At Jockey School, Aspiring Riders Learn Hardships of Racing, Getting Fit

PHOTO: Vanessa Reill, 22, races a thoroughbred horse down the dirt track at the North American Racing Academy in Lexington, Ky.

Wearing a bright-pink helmet, Vanessa Reill flies down the dirt track on the back of a racehorse. Standing at 5 feet, 5 inches tall, she pushes forward with the horse as one powerful muscle machine.

This is her shot at being a professional jockey in the death-defying, adrenaline-pumping sport of thoroughbred racing, reaching speeds of up to 40 mph.

"I just love horses, love riding, love going fast," Reill, 22, said.

In Lexington, Ky., where horses and horse racing are part of the local fabric, Reill, originally from Norway, is a few strides away from graduation at the North American Racing Academy, the only professional jockey school in the United States.

Through the academy, aspiring jockeys learn the techniques and rules of professional race riding, as well as how to care for horses, including courses in nutrition, fitness and technology.
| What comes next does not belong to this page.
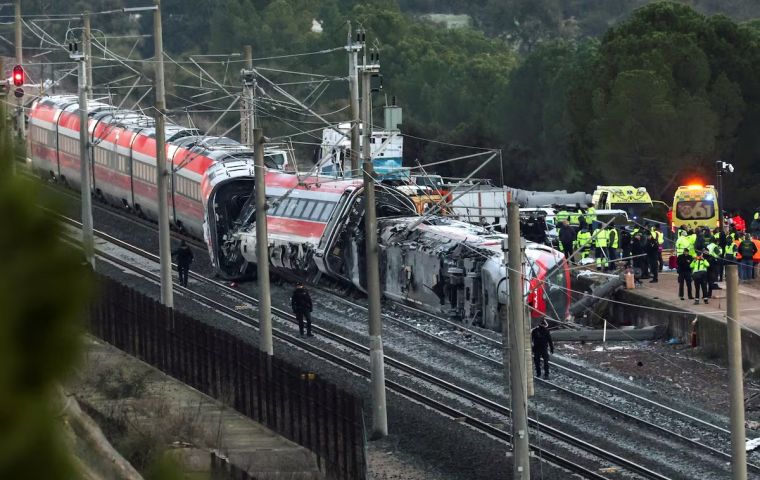 Foto: Susana Vera/REUTERS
Aside from the jockey-training program, the academy also offers a "Horseman's Pathway" program for students aiming to be grooms, exercise riders or, ideally, trainers. But no matter what the career path, everyone does barn work, has classes and takes exams.

Over the course of the two-year program, Kentucky residents pay $150 per credit and out of state students pay $450 per credit. After 60 credits, students earn an associates degree.

This year's freshmen class has 12 aspiring jockeys, 11 of whom are women, defying the professional racing odds. Only 16 percent of licensed jockeys in the United States are female, and of the top 100 jockeys right now, only two are women.

But the young ladies to whom "Nightline" spoke at the academy were ready to man up.

"No princesses, you've got to be one of the guys," Marissa Yetter, 19, said.

Looking at the odds, only two of these women will make it to the big time, but, first, they will have to elbow out the Pennsylvania native, who, at 5-foot-3 and about 105 pounds, knows full well it's a cut-throat sport.

"You have to go into any situation being humble, but yet still being able to say, 'Hey, I'm the best. I can kick all your butts.' It's a mental kind of duel personality," Yetter said. "When we first started riding, it was basically like the movie, 'Hunger Games.'"

Although Yetter's competition at the academy was mostly veteran riders, there was one freshman who had the audacity to be a novice. At 5-foot-2 and 112 pounds, Chase Roberts, a 20-year-old from North Carolina, was ready to stand his ground against his female classmates.

"I've never ridden and now I'm here," Roberts said. "All the girls didn't intimidate me, no complaints about that. But I saw that some of them were pretty good at riding and I was like, 'Dang, they know what they're doing and I don't.'"

Although he has been accepted into the academy's elite riding program, "Nightline" was there for his first time ever on a horse.

But no experience can be a leg up at the school because novice riders don't have bad habits to break. Racing a thoroughbred requires different techniques than show jumping or dressage.

Hall of Fame rider Chris McCarron, one of the winningest jockeys of all time, founded the North American Racing Academy in 2006. Like Chase, McCarron said he came into racing without much prior experience.

"I never touched the horse until I was 16 years of age, and I was riding professionally when I was 19," he said. "[Jockeys] have the greatest ability to stay out of the horse's way to the highest degree."

That includes weighing so little that the horse barely feels you on its back.

"A horse is not going to be able to perform at its optimum peak if it's carrying 100-something pounds," McCarron said.